Legend has it that the forerunner to the Toolbox was a brothel and there was talk of at least one 'ghost' - if there had been strife among the staff during the evening, at closing a woman would appear who would be walking around wringing her hands. A former 'Madame'? Much to my regret, I never knowingly saw that ghost.
When one walked into the bar via the door on the side (Morse) street, one entered the vestibule. Immediately to the right were the men and women's washrooms and to the left was the dining room (which served as the cloakroom as well). Ahead, and against the outside wall, was the bar. and to the right of the bar was the large kitchen and a buffet style serving area.
Once past the dining room the wall turned at right angle and, along that side, there was a set of bleacher seats.
To the left of the bar was the doorway to the outside patio and then, next to it, the railing which separated the rest of the room from the pool table. To the left of the 'pool room' was a doorway leading to a flight of stairs going up to some bedrooms which were let out to weekend guests.
Beyond the doorway was an auxiliary coat check area and the 'back room' which was no more than a very dark place where 'hanky-panky' could go on.
I am a creature of habit so I usually follow a set routine. When I arrived at the 'Box and purchased my beverage I would go to join a group of friends who always stood along the railing by the pool room. On the Friday evening, January 26. 2001, I accepted an invitation from a friend to go to his place to watch some movies. However, on Saturday, I was back at the usual place. While standing in the group of friends the door from the upstairs rooms opened and out came one of the most intimidating looking men that I had seen in quite some time,
He walked past us, went to the bar and purchased a beer and then stood across the way staring at us.

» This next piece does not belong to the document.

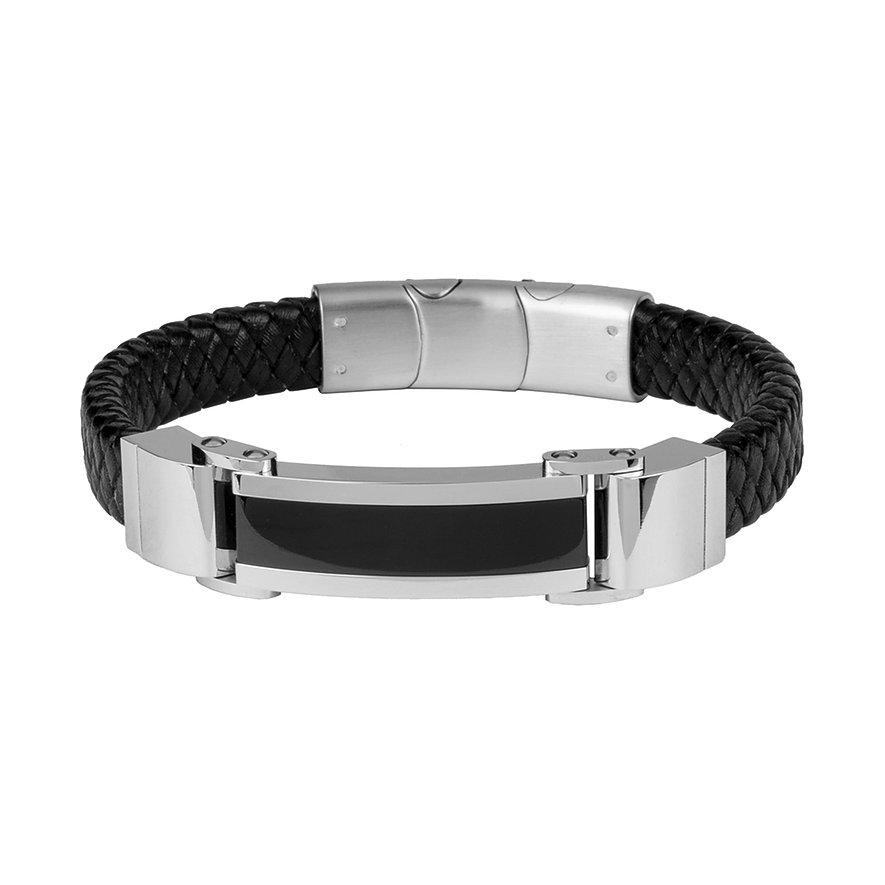 

Jacques Lemans Armband S-B114A Leer, Edelstaal, Keramiek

After a few minutes I realized that he was staring at me. I became very shy and could not make up my mind as to what to do?
Shortly before this a neighborhood cat had adopted the Toolbox - the place was overrun with mice - and a box with a blanket had been placed on the top level of the bleachers. After a few minutes the stranger went over, peered into the box, and began scratching Genghis' ears. Here was my chance so I went over too.
The rest, as they say, is history. Richard D. Reed is now my spouse.
That evening we went up to his room for a while and then I went home so I could be up for church in the morning. In the 'Leather World' of the Gay Community there were/are very few who have an interest in church and I assumed that Ric would feel this way. How wrong I was!
I returned for brunch after church but didn't see Ric - I was looking in the wrong place. Like I was afraid that he would not be interested in pursuing the friendship, he was assuming the same thing.
When I found him we left to go shopping in some of the second hand clothing stores on Queen Street West. Here I was - 64 years old and walking hand-in-hand with a man who was 28! There were two preteen boys who were sitting on a rock in front of the City Hall skating rink obviously waiting for a parent to come by to pick them up. They saw us holding hands and they stared at that phenomena.
Ric and I are now married to each other and have been on a number of trips together. Descriptions of those trips - along with photos - will be included in future blogs.